Author Topic: Any RAID gurus in here? (more RAID problems) (Read 17678 times)

jondecker76 · « **on:** July 30, 2008, 04:12:44 am »

Well, i'm back to having raid troubles again. (this is the same thing that happened that caused me to lose all of my data last time)

I did some simple checks with mdadm - and it agrees that the status of one of the drives is Removed... (what is strange is that the drive is good - it said this last time, and it was fine on a fresh install for over a month)

Code: [Select]

linuxmce@dcerouter:~$ sudo mdadm --detail /dev/md0
/dev/md0:
        Version : 00.90.03
  Creation Time : Sat Jun 14 09:30:50 2008
     Raid Level : raid5
     Array Size : 1953524992 (1863.03 GiB 2000.41 GB)
  Used Dev Size : 976762496 (931.51 GiB 1000.20 GB)
   Raid Devices : 3
  Total Devices : 2
Preferred Minor : 0
    Persistence : Superblock is persistent

    Update Time : Tue Jul 29 22:04:34 2008
          State : clean, degraded
 Active Devices : 2
Working Devices : 2
 Failed Devices : 0
  Spare Devices : 0

         Layout : left-symmetric
     Chunk Size : 64K

           UUID : ef05e3dd:c2ec8d78:bd9f1658:0a1d2015 (local to host dcerouter)
         Events : 0.140014

    Number   Major   Minor   RaidDevice State
       0       0        0        0      removed
       1       8       32        1      active sync   /dev/sdc
       2       8       48        2      active sync   /dev/sdd

lookin in the web admin, sdb,sdc,and sdd are the 3 drives for the array.

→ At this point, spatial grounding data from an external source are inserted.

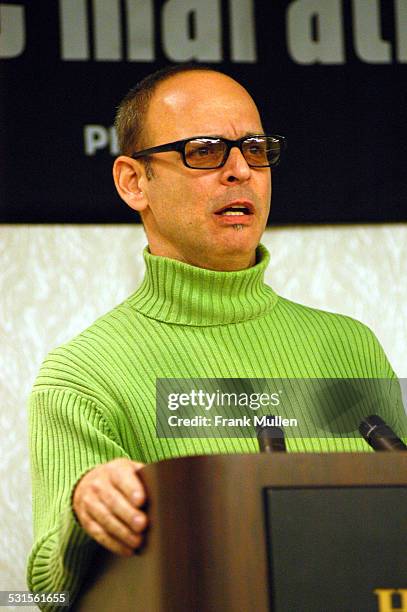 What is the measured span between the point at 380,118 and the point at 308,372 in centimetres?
74

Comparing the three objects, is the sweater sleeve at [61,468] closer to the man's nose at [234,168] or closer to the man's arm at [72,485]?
the man's arm at [72,485]

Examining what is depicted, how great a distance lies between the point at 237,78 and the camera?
2273mm

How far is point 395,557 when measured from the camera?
1128mm

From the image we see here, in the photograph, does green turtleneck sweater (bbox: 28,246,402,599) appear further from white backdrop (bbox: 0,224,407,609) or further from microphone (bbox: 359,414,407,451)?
white backdrop (bbox: 0,224,407,609)

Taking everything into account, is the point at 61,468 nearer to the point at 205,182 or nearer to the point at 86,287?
the point at 205,182

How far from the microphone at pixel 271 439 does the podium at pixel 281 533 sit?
0.07m

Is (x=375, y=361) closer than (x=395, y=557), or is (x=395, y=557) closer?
(x=395, y=557)

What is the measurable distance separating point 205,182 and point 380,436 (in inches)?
22.1

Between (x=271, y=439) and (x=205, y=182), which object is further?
(x=205, y=182)

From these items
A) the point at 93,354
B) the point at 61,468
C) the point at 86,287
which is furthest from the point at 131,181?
the point at 61,468

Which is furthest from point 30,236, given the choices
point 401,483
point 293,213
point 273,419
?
point 401,483

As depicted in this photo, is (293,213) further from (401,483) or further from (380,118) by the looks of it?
(401,483)

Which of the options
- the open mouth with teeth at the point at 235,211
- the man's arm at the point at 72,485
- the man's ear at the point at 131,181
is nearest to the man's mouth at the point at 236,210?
the open mouth with teeth at the point at 235,211

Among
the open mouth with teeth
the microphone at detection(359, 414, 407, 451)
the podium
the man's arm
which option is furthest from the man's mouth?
the podium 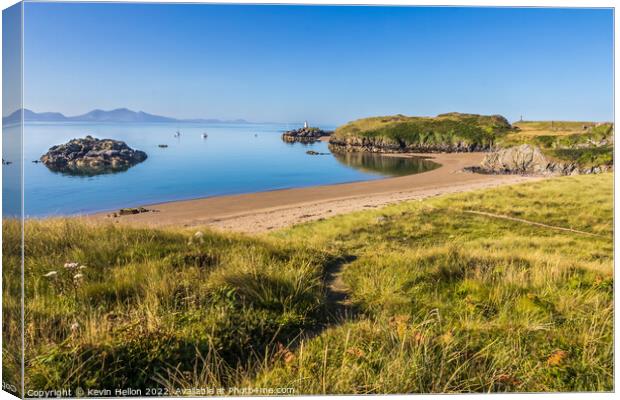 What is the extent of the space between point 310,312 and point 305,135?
3.16m

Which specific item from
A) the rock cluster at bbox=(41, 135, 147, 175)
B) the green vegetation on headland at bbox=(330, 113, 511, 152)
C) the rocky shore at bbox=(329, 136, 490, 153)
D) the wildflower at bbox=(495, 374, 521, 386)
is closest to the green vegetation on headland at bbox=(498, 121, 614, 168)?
the green vegetation on headland at bbox=(330, 113, 511, 152)

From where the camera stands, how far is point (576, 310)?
3646 millimetres

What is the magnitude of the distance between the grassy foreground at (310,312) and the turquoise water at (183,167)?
0.47 meters

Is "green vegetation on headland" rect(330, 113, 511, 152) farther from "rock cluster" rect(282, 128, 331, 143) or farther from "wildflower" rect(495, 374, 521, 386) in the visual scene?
"wildflower" rect(495, 374, 521, 386)

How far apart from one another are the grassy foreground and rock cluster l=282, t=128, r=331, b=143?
1765 mm

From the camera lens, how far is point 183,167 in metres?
5.63

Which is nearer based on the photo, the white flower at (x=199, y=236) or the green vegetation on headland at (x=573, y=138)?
the white flower at (x=199, y=236)

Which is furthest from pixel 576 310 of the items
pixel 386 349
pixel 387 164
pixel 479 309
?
pixel 387 164

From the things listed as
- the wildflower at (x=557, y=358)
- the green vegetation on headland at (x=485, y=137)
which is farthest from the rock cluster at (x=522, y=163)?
A: the wildflower at (x=557, y=358)

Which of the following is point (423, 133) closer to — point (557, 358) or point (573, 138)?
point (573, 138)

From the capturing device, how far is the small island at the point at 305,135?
5605 mm

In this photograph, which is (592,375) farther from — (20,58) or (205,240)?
(20,58)

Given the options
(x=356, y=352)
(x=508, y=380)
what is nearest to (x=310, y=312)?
(x=356, y=352)

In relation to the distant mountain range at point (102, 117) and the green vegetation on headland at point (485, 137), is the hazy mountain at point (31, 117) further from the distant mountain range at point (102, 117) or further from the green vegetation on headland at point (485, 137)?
the green vegetation on headland at point (485, 137) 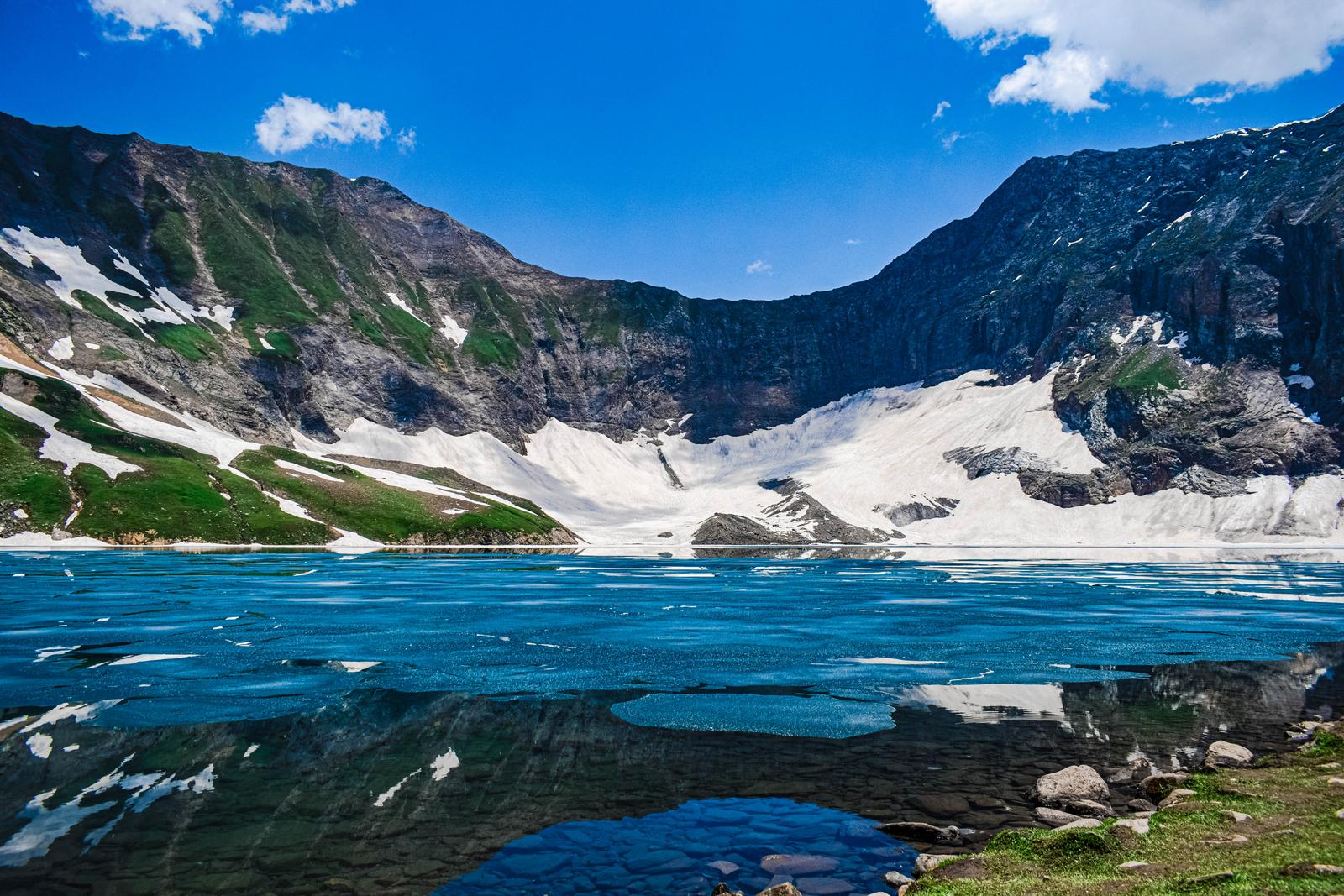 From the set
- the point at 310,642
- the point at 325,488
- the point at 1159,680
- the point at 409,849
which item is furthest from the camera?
the point at 325,488

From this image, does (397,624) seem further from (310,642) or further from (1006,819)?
(1006,819)

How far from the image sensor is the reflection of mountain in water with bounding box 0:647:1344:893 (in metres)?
15.4

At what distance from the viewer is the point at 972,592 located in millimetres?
80500

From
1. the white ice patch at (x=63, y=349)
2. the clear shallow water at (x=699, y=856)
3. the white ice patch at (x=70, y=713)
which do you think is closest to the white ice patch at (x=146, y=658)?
the white ice patch at (x=70, y=713)

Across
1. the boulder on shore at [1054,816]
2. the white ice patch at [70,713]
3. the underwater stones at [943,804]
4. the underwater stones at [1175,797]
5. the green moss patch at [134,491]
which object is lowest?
the underwater stones at [943,804]

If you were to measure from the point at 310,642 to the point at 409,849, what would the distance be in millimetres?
30023

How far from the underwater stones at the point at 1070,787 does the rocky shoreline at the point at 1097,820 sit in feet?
0.07

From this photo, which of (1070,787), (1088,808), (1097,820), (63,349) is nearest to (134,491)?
(63,349)

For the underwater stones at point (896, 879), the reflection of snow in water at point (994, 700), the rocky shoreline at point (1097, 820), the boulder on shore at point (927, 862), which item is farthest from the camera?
the reflection of snow in water at point (994, 700)

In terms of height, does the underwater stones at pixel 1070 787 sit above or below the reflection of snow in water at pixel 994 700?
above

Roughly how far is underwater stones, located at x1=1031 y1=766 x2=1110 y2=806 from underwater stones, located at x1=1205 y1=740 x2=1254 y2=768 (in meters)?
3.73

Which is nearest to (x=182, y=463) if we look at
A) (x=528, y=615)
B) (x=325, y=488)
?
(x=325, y=488)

In the admin, /dev/sdb is show as "Spare", "Removed"

What should my next step be? I don't want to jump the gun again and lose all my data again in the process...

jondecker76 · « **Reply #1 on:** July 30, 2008, 03:11:47 pm »

I checked and changed out cables this morning - everything seems like it should inside the core. Something is definitely wrong however as the performance of the core has degraded.

I'm at work for the day, so hopefully by the time I get home tonight this will be seen by someone with experience with mdadm and software RAIDs

mikedehaan · « **Reply #2 on:** July 30, 2008, 08:30:10 pm »

Please post your mdadm.conf file as well as output from the following command:

Code: [Select]

mdadm -Ebsc partitions
This command will scan your partitions for the existence of any RAID superblock. This is primarily important for the config lines it will spit out. These should match what you have in your mdadm.conf file.

In my opinion, this is really just the first place to start. Hopefully we'll figure something out from this.

jondecker76 · « **Reply #3 on:** July 30, 2008, 09:47:04 pm »

Code: [Select]

linuxmce@dcerouter:~$ sudo mdadm -Ebsc partitions
ARRAY /dev/md0 level=raid5 num-devices=3 UUID=ef05e3dd:c2ec8d78:bd9f1658:0a1d2015

Code: [Select]

# mdadm.conf
#
# Please refer to mdadm.conf(5) for information about this file.
#

# by default, scan all partitions (/proc/partitions) for MD superblocks.
# alternatively, specify devices to scan, using wildcards if desired.
DEVICE partitions

# auto-create devices with Debian standard permissions
CREATE owner=root group=disk mode=0660 auto=yes

# automatically tag new arrays as belonging to the local system
HOMEHOST <system>

# instruct the monitoring daemon where to send mail alerts
MAILADDR root

# definitions of existing MD arrays

# This file was auto-generated on Mon, 21 Apr 2008 15:58:25 -0400
# by mkconf $Id: mkconf 324 2007-05-05 18:49:44Z madduck $
PROGRAM /usr/pluto/bin/monitoring_RAID.sh

thanks for the reply!

mikedehaan · « **Reply #4 on:** July 30, 2008, 10:36:43 pm »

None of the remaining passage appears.